Enthusiastic. Too enthusiastic.

Updated: Jul 26, 2023




Right after World War II, Harold Robbins was the King of Trashy Beach Books. The New Yorker Magazine called him “the dirty old man of American Literature” and his books were full of the rich, the famous, money, sex, exotic locations, murder, and more sex (The Carpetbaggers, The Betsy, etc.). Harold sold a lot of books. Although he’s pretty forgotten now, at one time Harold Robbins was an extremely well-known writer.


Years ago I heard him tell a story on TV about something he liked about being a writer. He was sitting in the lobby of a big Las Vegas Hotel when a phone call came in for him. This was decades before cell phones, so what hotels would do is send a Bellhop through the lobby calling out the person’s name. If the notable was identified, the Bellhop would either escort the person to a phone or (if it was a very progressive hotel) plug in a wired table phone near the person’s seat so they could take the call.


As Robbins was sitting in the lobby, a Bellhop came through, calling, “Phone call for Harold Robbins. Telephone for Mr. Harod Robbins!” Robbins said he could see all the people in the lobby looking around. They knew the name Harold Robbins, but no one could identify him. He was famous but could still keep incognito if he wished it. He liked that.


I suppose, except for people like Stephan King or J. K. Rowling, the same is valid for authors today. I can identify many mystery authors because I’ve met them personally, but there’s a whole host of authors I’ve read and admired, but whom I couldn’t pick out in a crowd.

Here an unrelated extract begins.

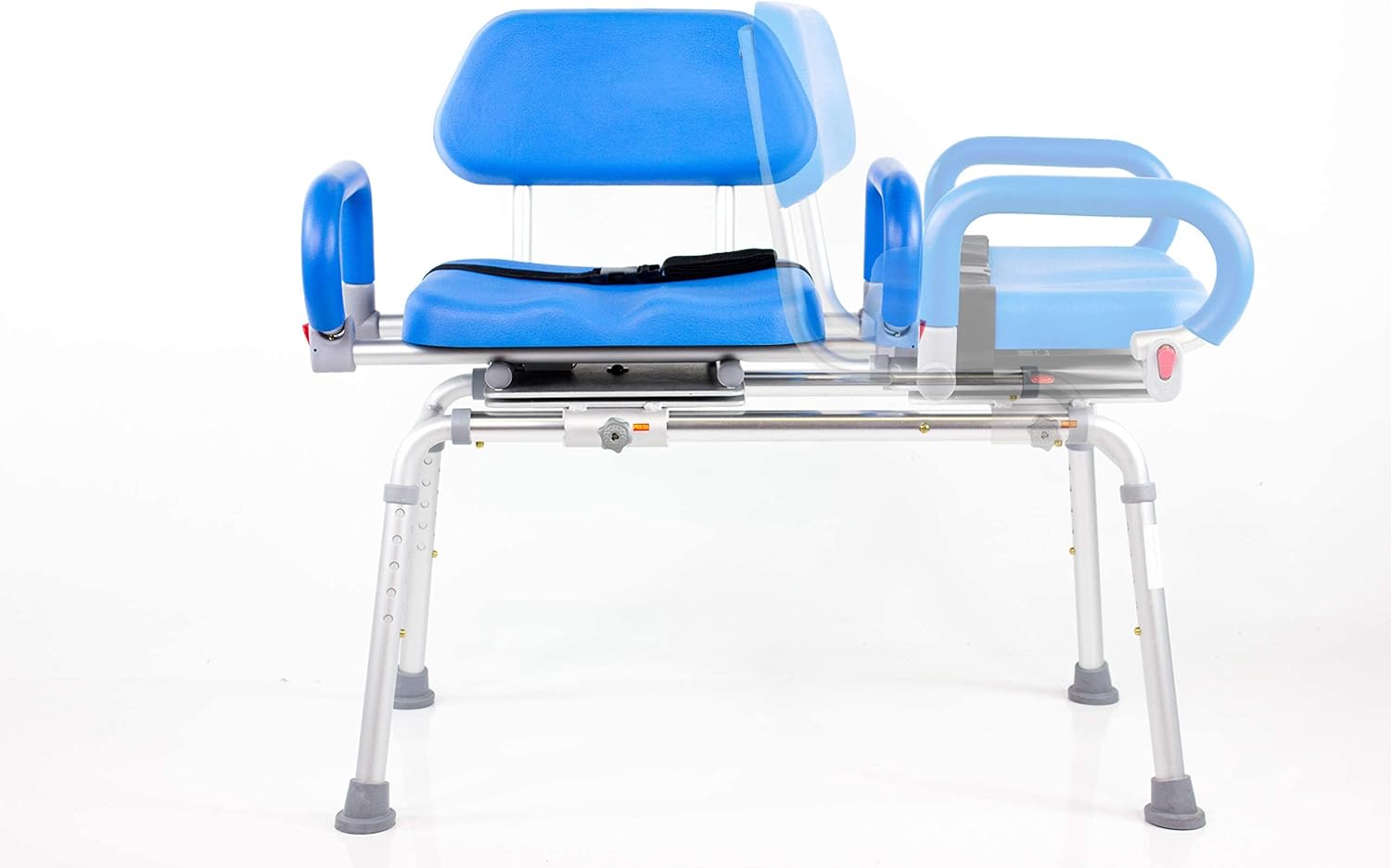 Platinum Health Carousel Sliding Shower Chair Transfer Bench with Swivel Seat, PowerSlide Capability, Push Button Electric Travel, Premium Padded Bath Bench, for Handicap & Seniors, Blue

I’m far from famous, but I have had a few experiences like Robbins in Las Vegas. Once I was recognized in an airport (but people were flying home after a mystery conference, so maybe this shouldn’t count). I’ve been recognized a few times in a bookshop and twice in a library (but maybe these shouldn'tcount, either?). Once I was in Tokyo attending a dinner for the classes of my wife’s Taiko drumming teacher. She mentioned I was there (as my wife’s spouse) and added I was the author who wrote: “Death in Little Tokyo.” Someone in the 50 or so people there said, “So he’s the one,” out loud. I don’t know if that was surprise or condemnation, but it was recognition. And once at a large dinner hosted by the Japanese American National Museum the MC mentioned I was sitting at a table. As with Robbins, several people looked around. Perversely, I just raised a hand instead of standing up and most people couldn’t identify who I was.


Like most writers, I test as an introvert on psychological tests, but I must confess these crumbs of recognition were enjoyable.


Unfortunately, even my level of recognition has some unpleasant aspects. During my first two years of writing, I had two stalkers.


One was a reader who started showing up at my signings or other public appearances. At first, I just thought she was an enthusiastic fan. Soon it was apparent that she was more than a fan and her pushy presence started to get uncomfortable. The few times I’ve talked about this with other writers, more than one male asked, “What did she look like?” My answer was Glenn Close in the movie Fatal Attraction looked good, but I don’t want to come home to find a dead bunny in my kitchen.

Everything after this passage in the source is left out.